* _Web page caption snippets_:
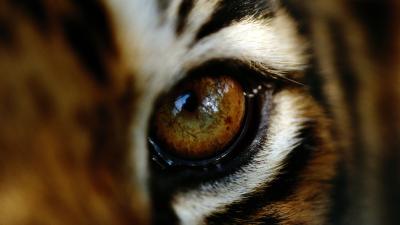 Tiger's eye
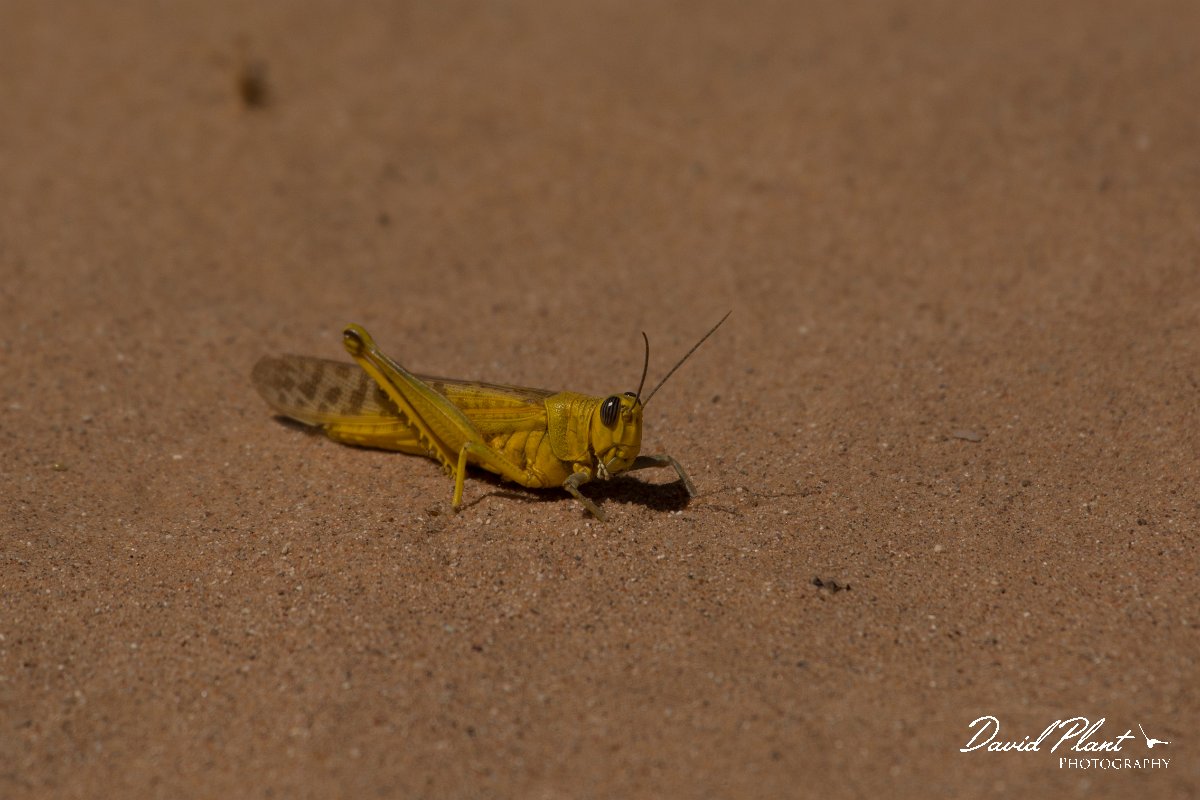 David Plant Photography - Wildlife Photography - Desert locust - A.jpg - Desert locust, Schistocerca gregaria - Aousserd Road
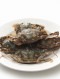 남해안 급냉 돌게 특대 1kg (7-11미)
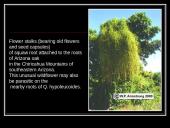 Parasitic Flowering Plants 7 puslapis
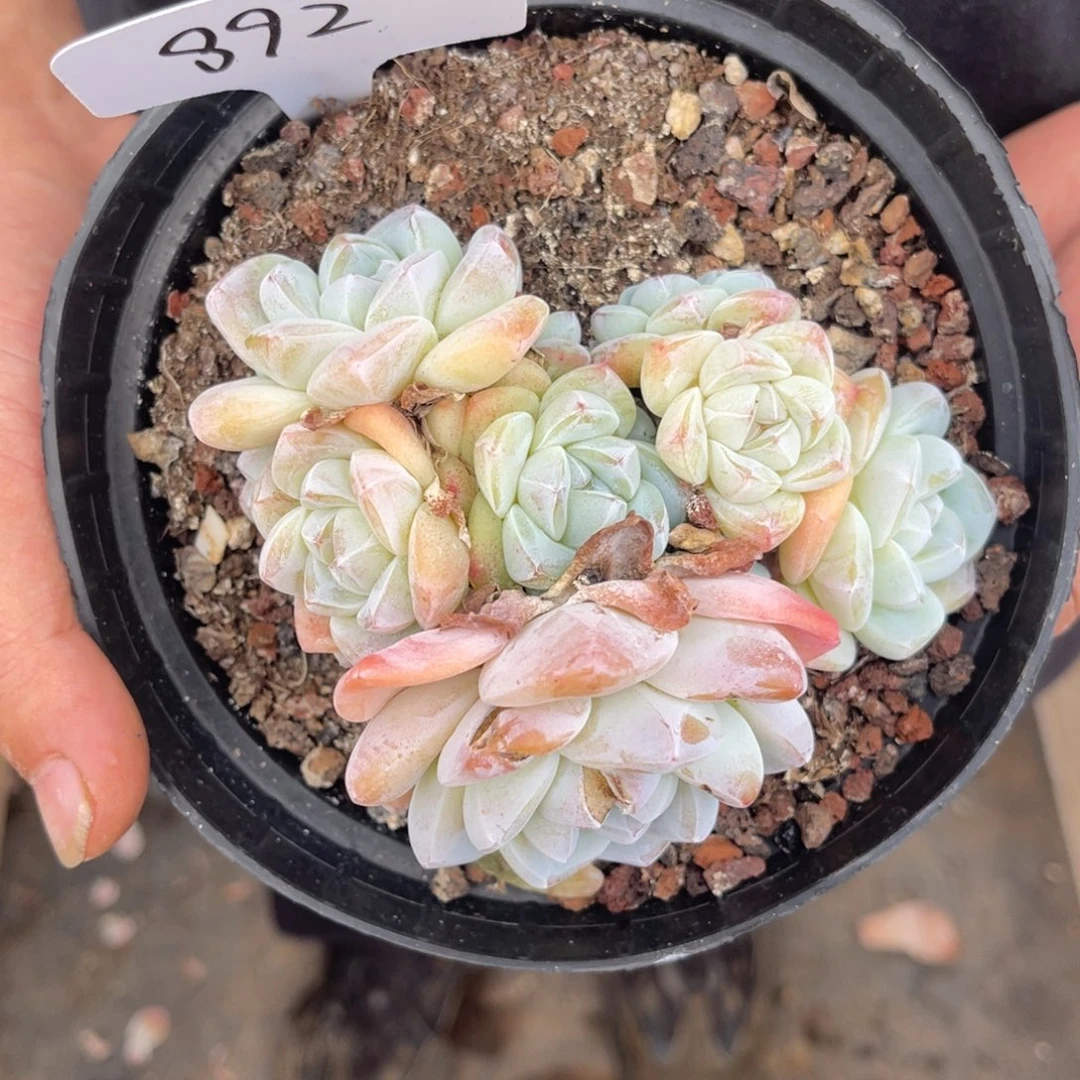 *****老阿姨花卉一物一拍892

* _WHAT TO WORK ON_: The range to copy runs from the line with "Parasitic Flowering Plants 7 puslapis" to the last line of the entries, both included; copy it exactly and leave out the pictures.

* _PROBLEM SOLUTION_:
 Parasitic Flowering Plants 7 puslapis
 *****老阿姨花卉一物一拍892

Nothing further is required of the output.